D. ÉTENDRE LES INCOMPATIBILITÉS PARLEMENTAIRES POUR MIEUX PRÉVENIR LES CONFLITS D'INTÉRÊTS

Par leur existence, les incompatibilités parlementaires empêchent les parlementaires de se trouver dans un certain nombre de situations susceptibles de générer des conflits d'intérêts. En prohibant l'exercice de certaines activités ou professions, elles empêchent les parlementaires de dépendre financièrement de certains intérêts privés pour leurs revenus. L'incompatibilité s'avère donc un mécanisme très efficace de prévention des conflits d'intérêts.

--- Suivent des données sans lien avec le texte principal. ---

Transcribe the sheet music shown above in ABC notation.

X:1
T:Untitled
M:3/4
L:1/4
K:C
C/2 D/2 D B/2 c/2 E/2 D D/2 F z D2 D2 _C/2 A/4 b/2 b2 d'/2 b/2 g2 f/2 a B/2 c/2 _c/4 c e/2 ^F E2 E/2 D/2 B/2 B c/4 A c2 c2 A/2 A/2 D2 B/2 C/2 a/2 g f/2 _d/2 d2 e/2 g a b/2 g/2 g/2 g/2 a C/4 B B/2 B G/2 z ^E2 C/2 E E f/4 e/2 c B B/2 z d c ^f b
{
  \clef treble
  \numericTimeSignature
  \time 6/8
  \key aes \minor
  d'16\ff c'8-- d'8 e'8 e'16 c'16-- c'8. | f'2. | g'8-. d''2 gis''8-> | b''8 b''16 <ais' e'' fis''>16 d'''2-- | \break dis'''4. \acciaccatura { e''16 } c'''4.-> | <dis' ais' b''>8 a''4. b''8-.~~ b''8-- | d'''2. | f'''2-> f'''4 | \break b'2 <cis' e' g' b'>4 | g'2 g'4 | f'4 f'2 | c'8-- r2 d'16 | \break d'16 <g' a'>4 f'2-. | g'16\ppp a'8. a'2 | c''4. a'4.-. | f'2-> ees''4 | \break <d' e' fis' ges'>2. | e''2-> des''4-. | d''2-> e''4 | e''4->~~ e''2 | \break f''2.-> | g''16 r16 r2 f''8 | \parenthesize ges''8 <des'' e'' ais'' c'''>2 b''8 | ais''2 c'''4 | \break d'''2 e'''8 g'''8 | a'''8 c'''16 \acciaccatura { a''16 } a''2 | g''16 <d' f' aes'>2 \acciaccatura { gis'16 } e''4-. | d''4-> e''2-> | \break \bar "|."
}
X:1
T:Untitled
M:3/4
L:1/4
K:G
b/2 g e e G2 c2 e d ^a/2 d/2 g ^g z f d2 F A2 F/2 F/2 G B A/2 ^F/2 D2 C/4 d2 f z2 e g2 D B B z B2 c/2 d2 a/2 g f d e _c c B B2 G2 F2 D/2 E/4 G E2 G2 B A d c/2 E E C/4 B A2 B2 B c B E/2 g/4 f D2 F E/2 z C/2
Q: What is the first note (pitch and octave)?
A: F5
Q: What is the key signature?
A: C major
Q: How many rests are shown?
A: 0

Aussi certains membres de votre groupe de travail ont-ils plaidé en faveur du principe maximaliste de l'incompatibilité absolue du mandat parlementaire avec toute activité professionnelle ou fonction extérieure, tout en admettant la difficulté à faire partager cette position à une majorité de leurs collègues. Au demeurant, un tel principe pourrait conduire à devoir considérer le mandat parlementaire comme exclusif de tout autre engagement, et donc incompatible, par exemple, avec un mandat électif local. Il serait difficile en effet de soutenir que le mandat parlementaire doit être exclusif de toute activité professionnelle, mais qu'il peut être cumulé avec des mandats locaux voire une fonction exécutive locale. Cette question relève en réalité davantage de la réflexion sur la disponibilité des élus -qu'il n'appartient pas à votre groupe de travail de conduire- que du débat sur la prévention des conflits d'intérêts.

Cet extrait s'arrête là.